* Required work:
Since the copy must hold text only, transcribe the data below exactly and omit the images.

* Data shown:

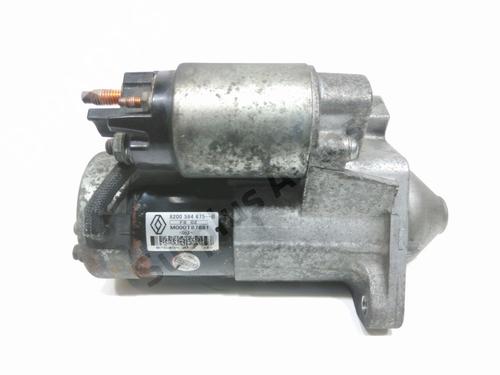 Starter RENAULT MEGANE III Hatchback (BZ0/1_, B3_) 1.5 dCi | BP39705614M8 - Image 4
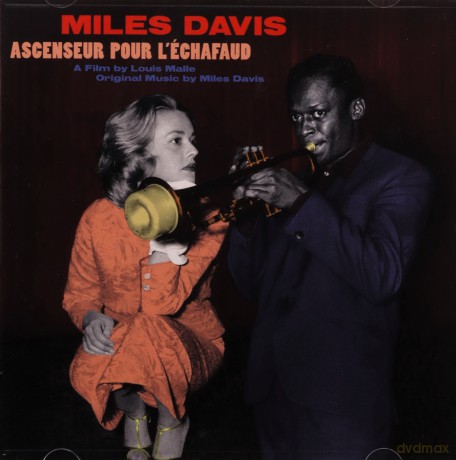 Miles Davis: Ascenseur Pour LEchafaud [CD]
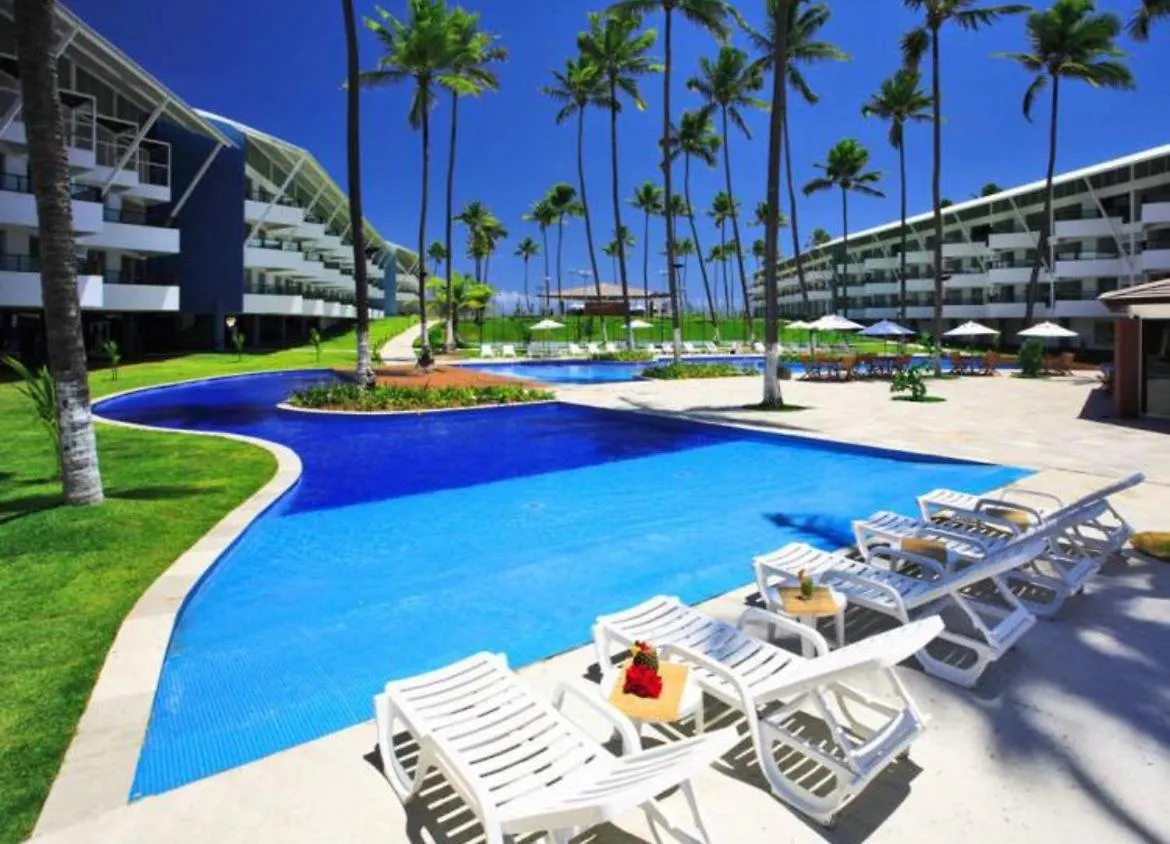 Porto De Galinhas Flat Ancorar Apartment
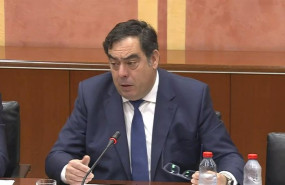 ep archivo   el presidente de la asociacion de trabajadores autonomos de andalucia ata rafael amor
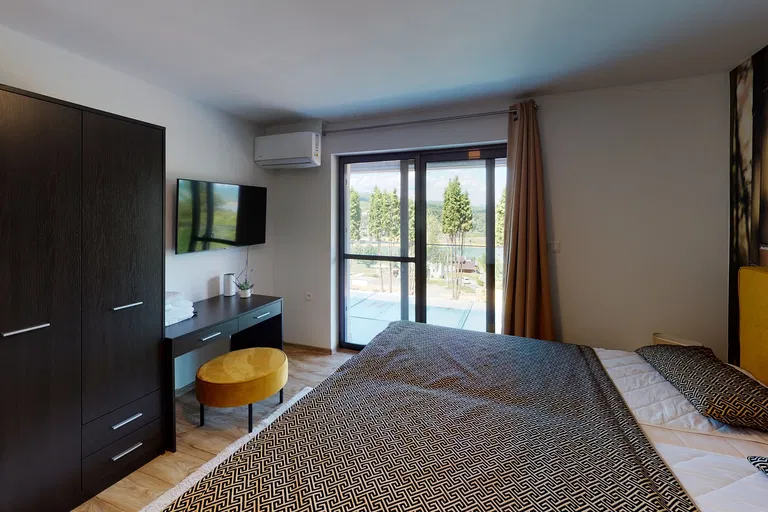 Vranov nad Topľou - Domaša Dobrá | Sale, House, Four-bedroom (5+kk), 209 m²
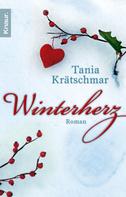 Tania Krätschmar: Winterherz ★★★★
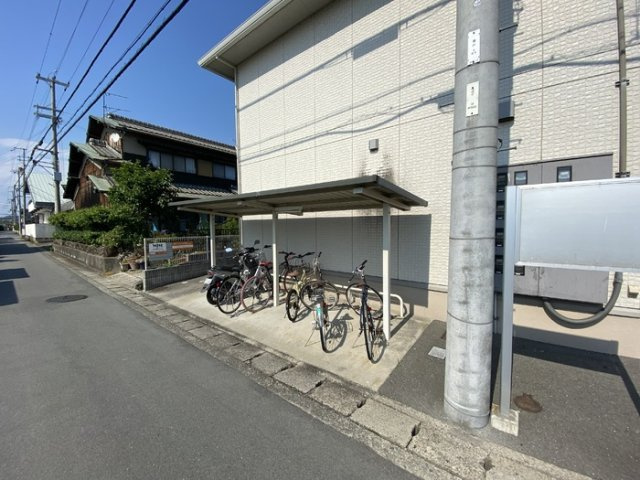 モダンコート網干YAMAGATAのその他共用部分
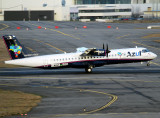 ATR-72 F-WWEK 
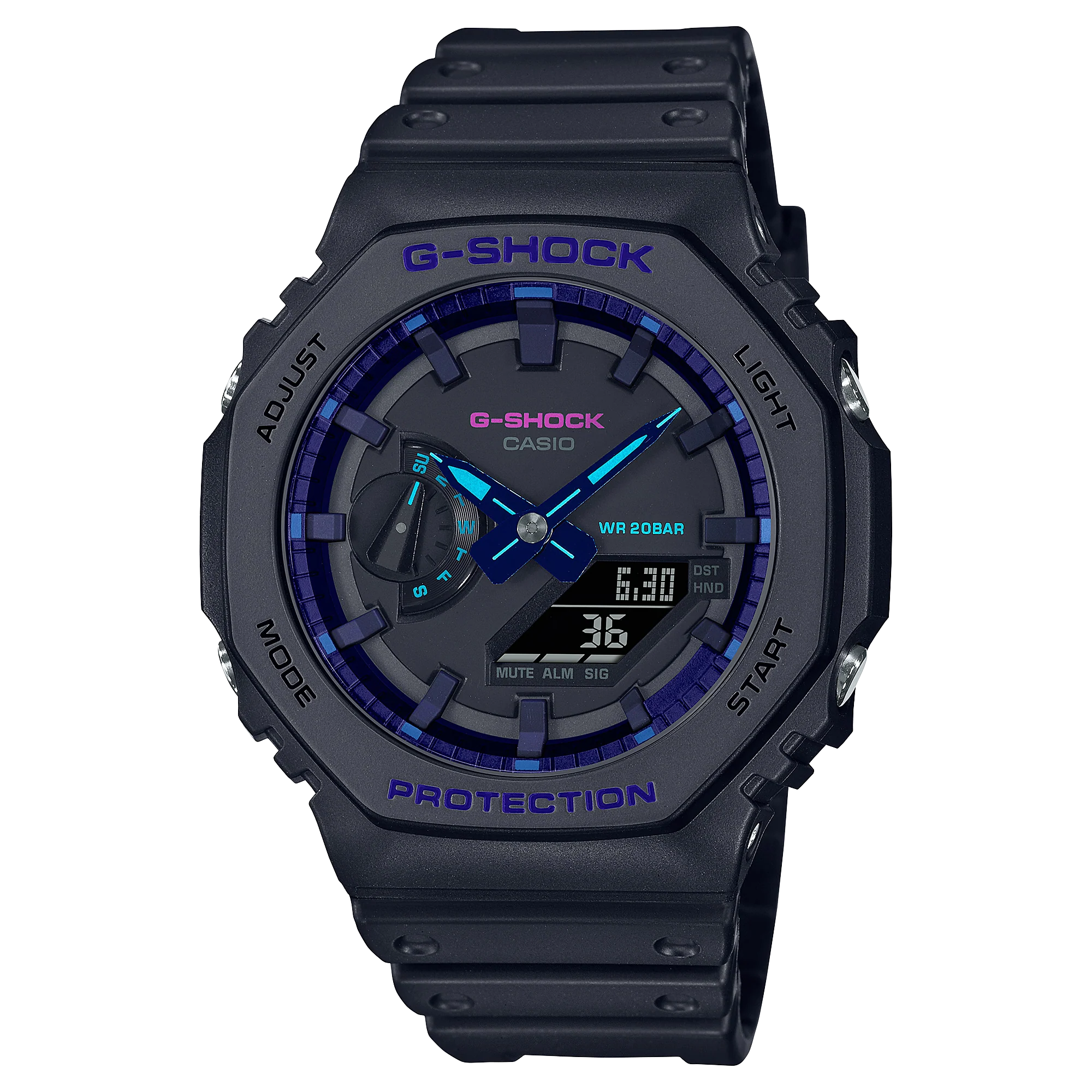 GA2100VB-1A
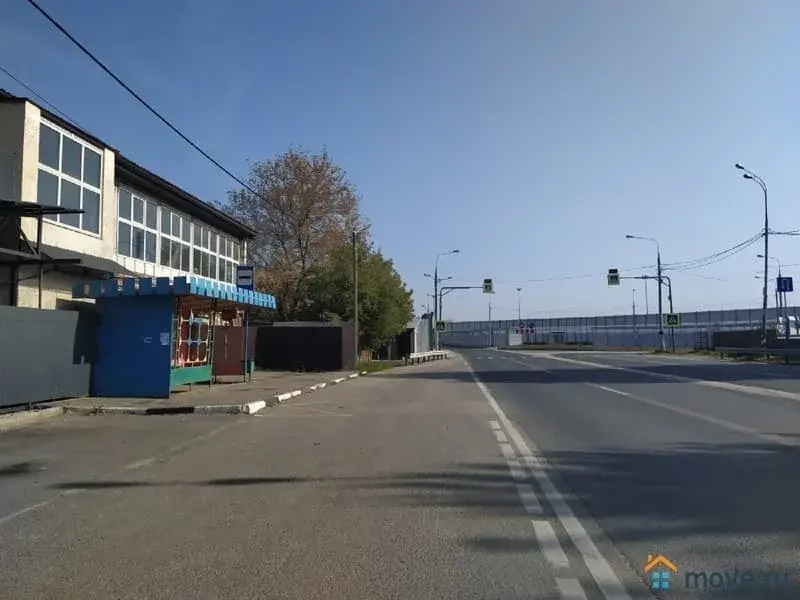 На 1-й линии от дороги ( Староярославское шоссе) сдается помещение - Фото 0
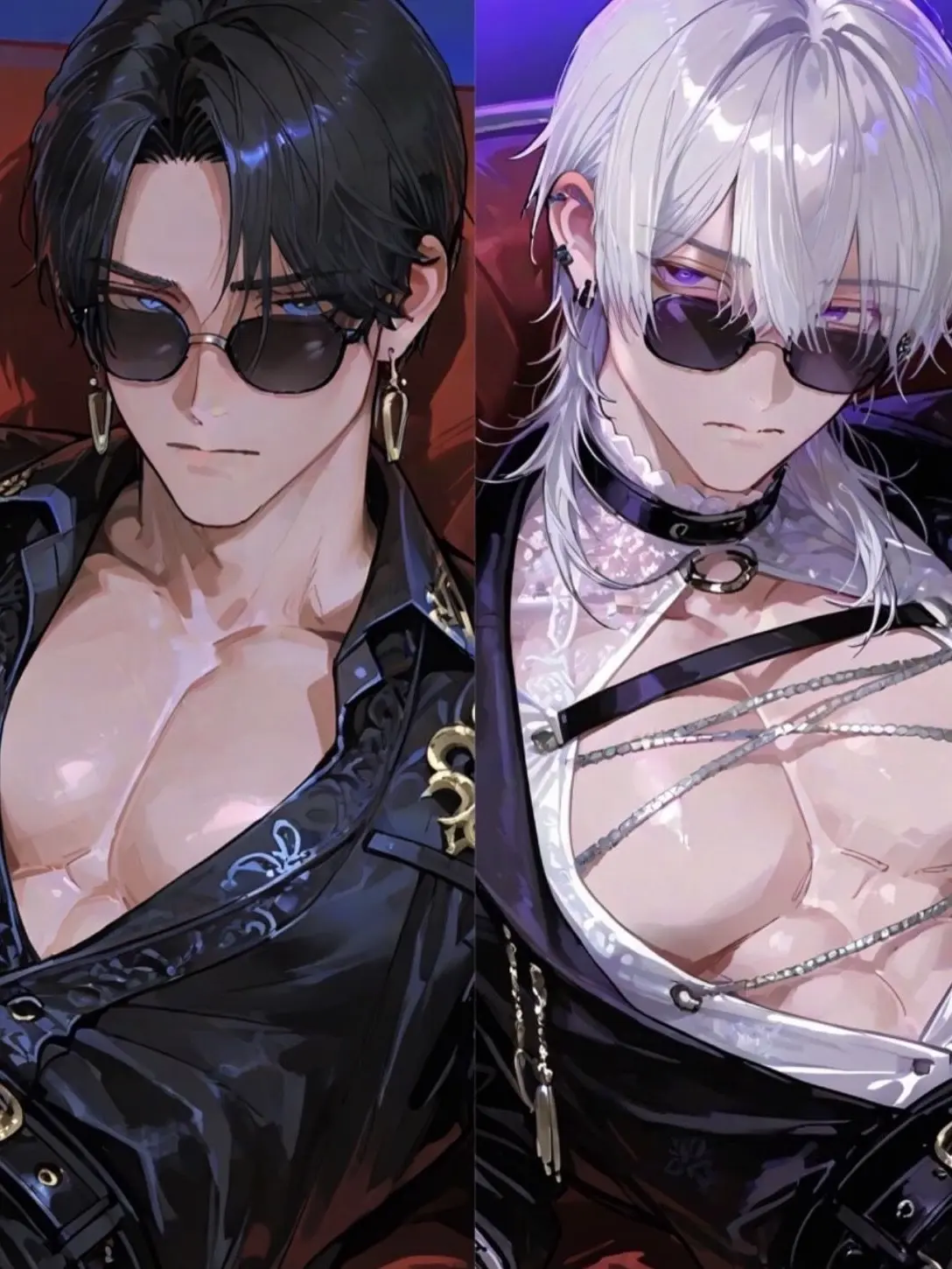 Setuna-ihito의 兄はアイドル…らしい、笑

* Answer:
 Starter RENAULT MEGANE III Hatchback (BZ0/1_, B3_) 1.5 dCi | BP39705614M8 - Image 4
 Miles Davis: Ascenseur Pour LEchafaud [CD]
 Porto De Galinhas Flat Ancorar Apartment
 ep archivo   el presidente de la asociacion de trabajadores autonomos de andalucia ata rafael amor
 Vranov nad Topľou - Domaša Dobrá | Sale, House, Four-bedroom (5+kk), 209 m²
 Tania Krätschmar: Winterherz ★★★★
 モダンコート網干YAMAGATAのその他共用部分
 ATR-72 F-WWEK 
 GA2100VB-1A
 На 1-й линии от дороги ( Староярославское шоссе) сдается помещение - Фото 0
 Setuna-ihito의 兄はアイドル…らしい、笑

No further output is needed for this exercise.